On the morning of Oct. 13, 1914, the first passenger train departed from Sault Ste. Marie for Hearst along the Algoma Central Railway.
For fifteen years, a group of track layers had trekked through the uncharted northern wilderness between the two sites, winding around mountains, building large wooden trestles across rivers and dropping down 500 feet through the Agawa Canyon. At last, the two destinations were connected by 296 miles of railroad and ready for travellers.
According to old-time railroader J.W. Mills, the train crew was “composed of gentlemen-roughnecks who were carefully selected by an elimination process, wherein the simple criteria were their proficiency in fisticuffs, their capacity for hard liquor and their present and subsequent deportment under these conditions.” Considered lower on the social scale than the average citizen, most of the engine crew members were illiterate.
Assistants to the engine crew were also selected through abnormal tests of speed and endurance. If a man could run to Pete Sundstrom’s bar in Searchmont and carry back water pails full of beer three times in a row before the train departed the station, he was welcomed aboard. Successful candidates were rewarded with free transportation along the rails for their efforts.
Due to the unruly engine crew and belligerent lumberjack passengers onboard, women were isolated, or rather, barricaded, in a separate coach at the back of the train. They were joined by clergymen, tasked with helping those less fortunate or mentally ill who lived alone in the Algoma Highlands.
There was no dining car, but when the train slowed down or stopped passengers could hop outside and gather large swaths of wild berries before climbing back onboard.
With the sun still rising, crew members were already blitzed from the beer.
At Mile 48, the train passed through Ogidaki Station. For sport, one of the baggage men had placed a barrel some distance away in the nearby lake as a target for his .303 Savage rifle.
Mills claimed “The barrel had not been disturbed or materially damaged for a period of about ten years, which attested to the continuing potency and effectiveness of Searchmont beer.”
Between 1918 and 1923, several members of the Group of Seven were passengers on the train, including Lawren Harris, A.Y. Jackson, Frank Johnston, J.E.H. Macdonald and Arthur Lismer. The group rented a boxcar from the Algoma Central Railway and it was shunted around to several distinct destinations along the track. The boxcar was modelled like a cabin for comfort, as the painters would spend several days onsite, sometimes leaving on foot in search of the region’s hidden landscapes.

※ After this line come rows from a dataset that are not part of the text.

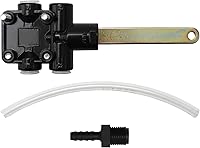 Vista 6 de Anxingo 1614318000 52341-Q135 Válvula de control de nivelación de altura del aire 1614318000 Reemplazo para Ford Freightliner Kenworth XC455A687AA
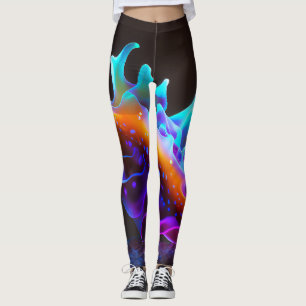 Leggings voor gloeiend filiaal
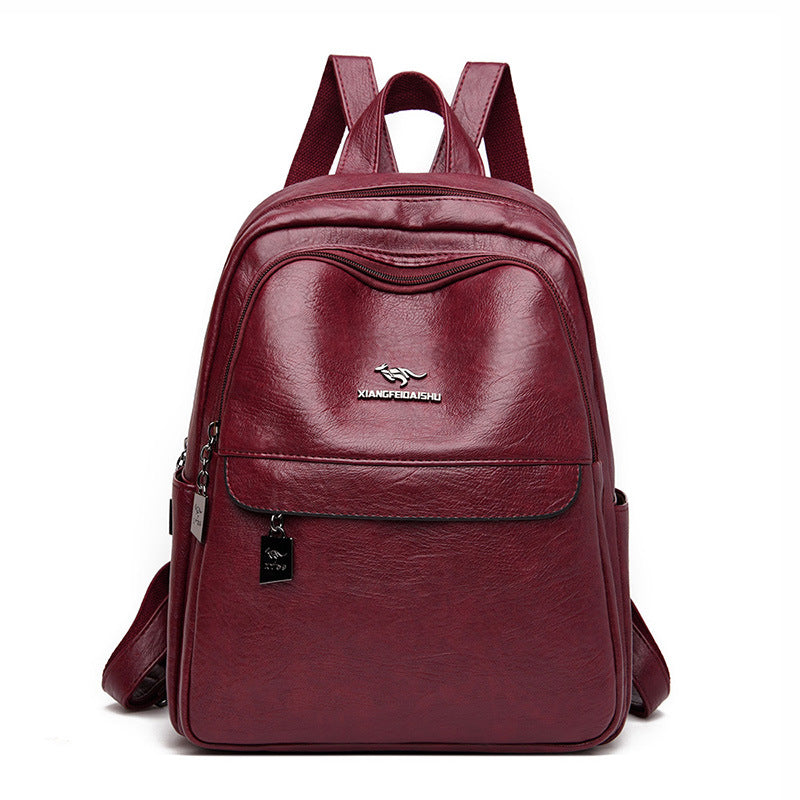 Women's Large Capacity Korean Style Fashionable Elegant Backpacks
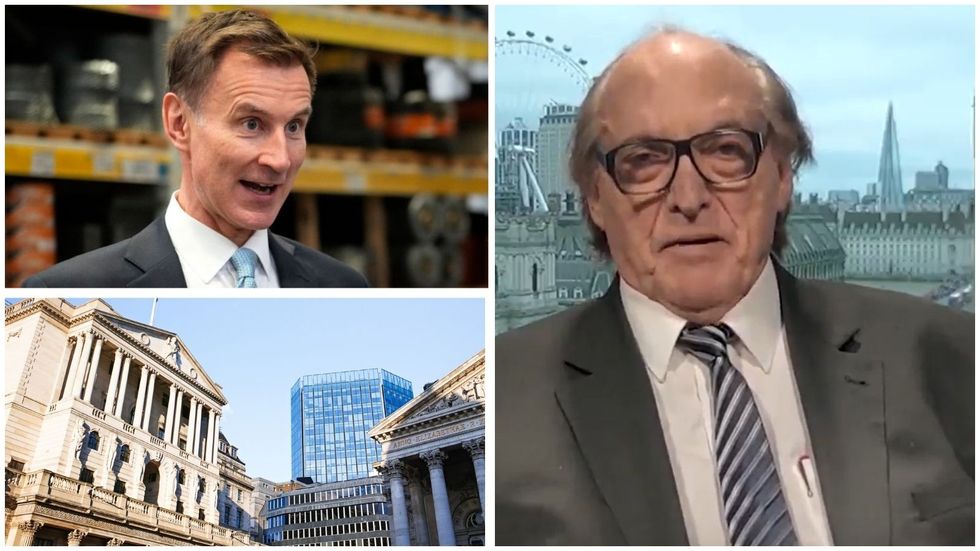 Dr Roger Gewolb, the Bank of England and Jeremy Hunt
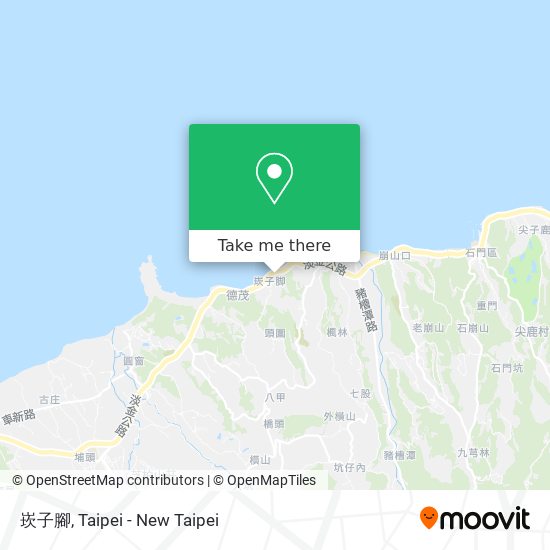 崁子腳 map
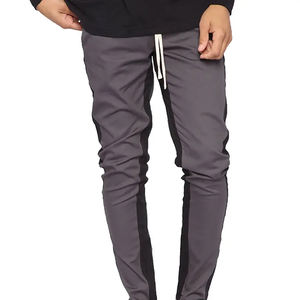 Pantalones deportivos ajustados de alta calidad para gimnasio y fitness, pantalones para correr con bolsillos en oferta. - Product Image 3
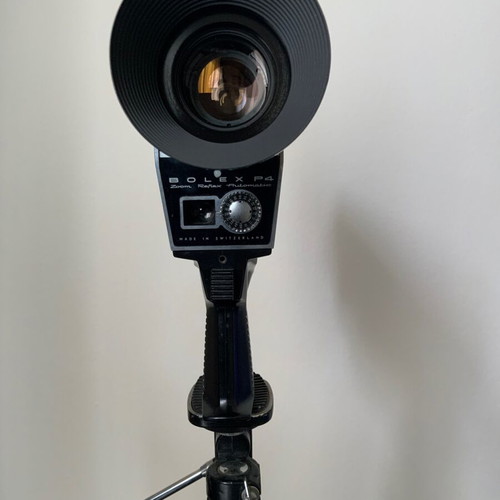 Bolex P4 8mm Camera like new, complete collector's set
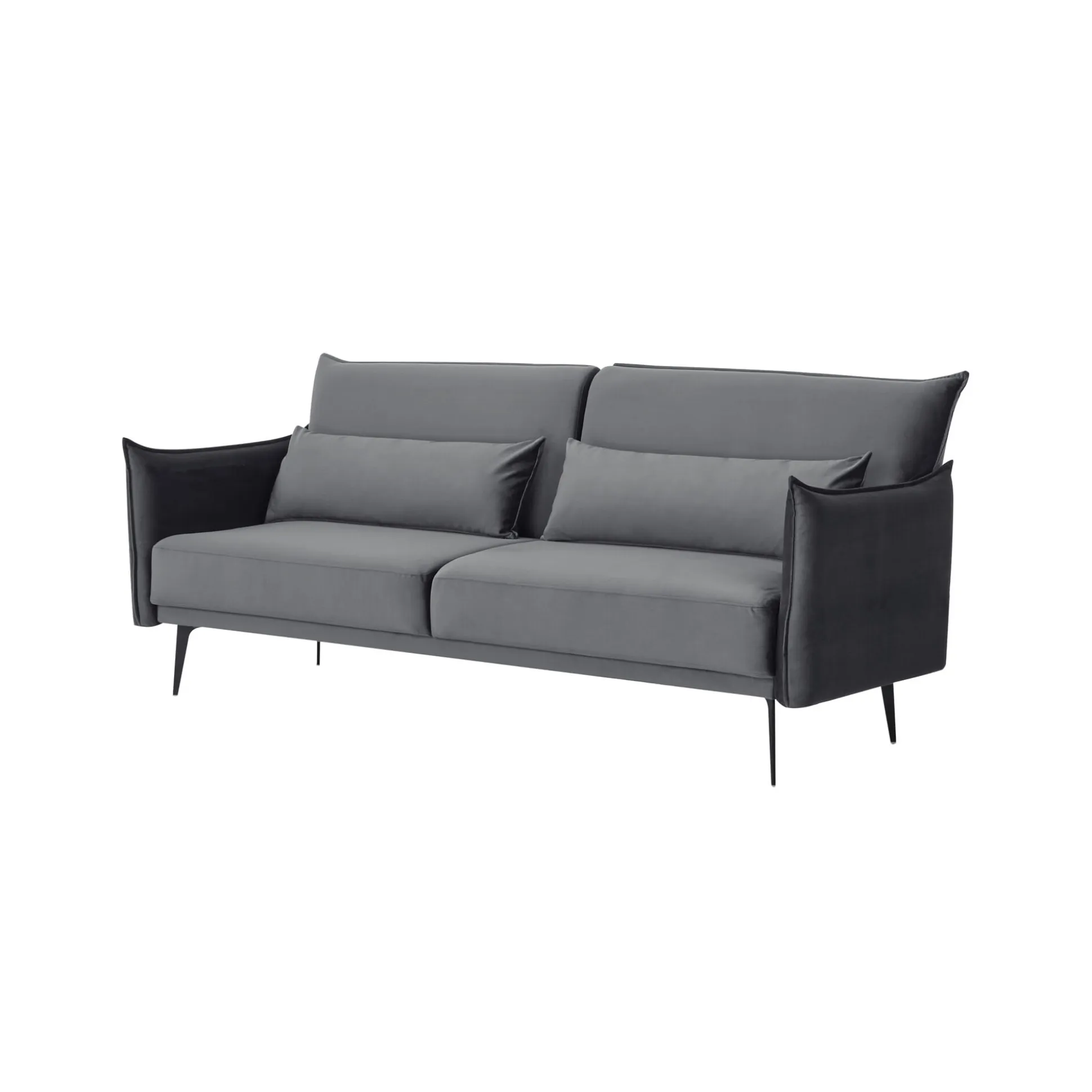 Slaapbank Franka Grijs Velours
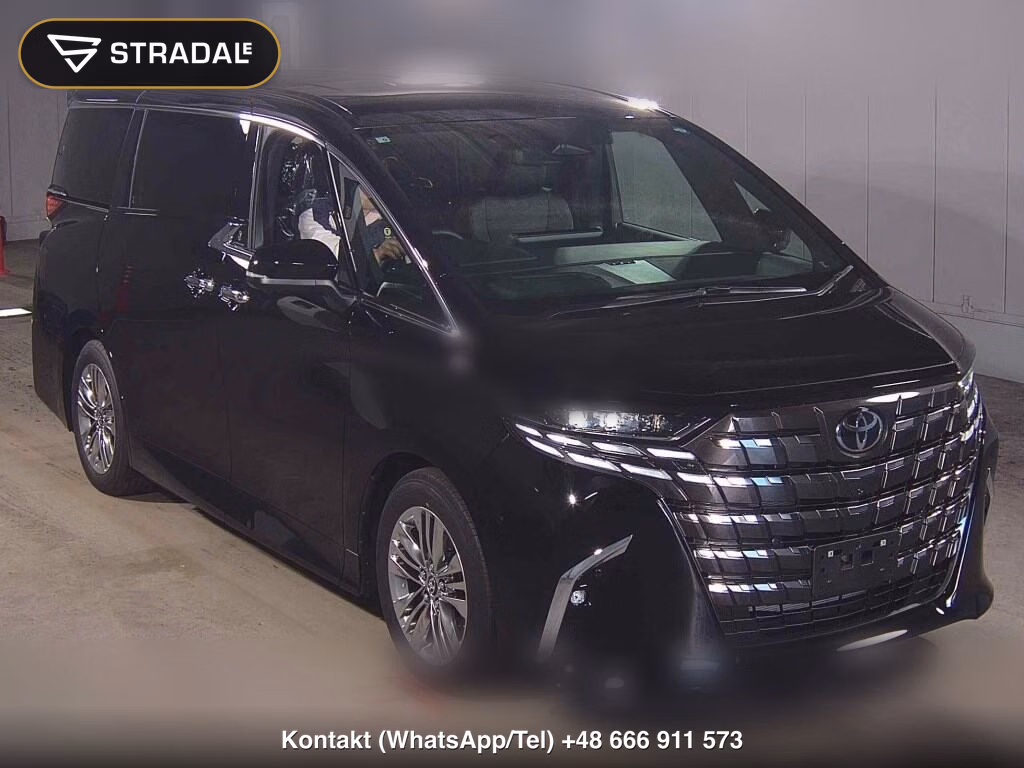 TOYOTA ALPHARD HYBRID Z 2026, aukcja z Japonii, zdjęcie 1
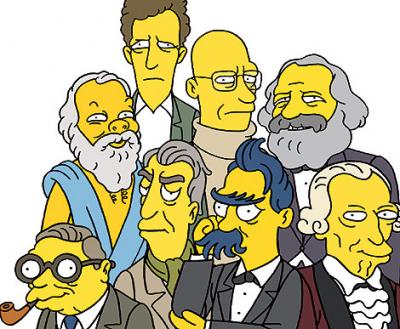 La filosofía oculta de Los Simpson
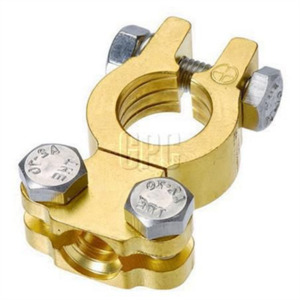 Battery Terminal F/Brass Japanese Post Positive 1Pk BT636P1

Starting on Dec. 15, 1929, the passenger train began operating every day of the week. Departing from the Sault at 8:30 a.m., the train was scheduled to arrive in Hearst at 8:45 p.m.
With the railway now passing through Sand Lake, travellers were able to see the splendid Montreal River Falls and the wonders of the Agawa Canyon. Eventually, the canyon became a famous destination for tourists around the world.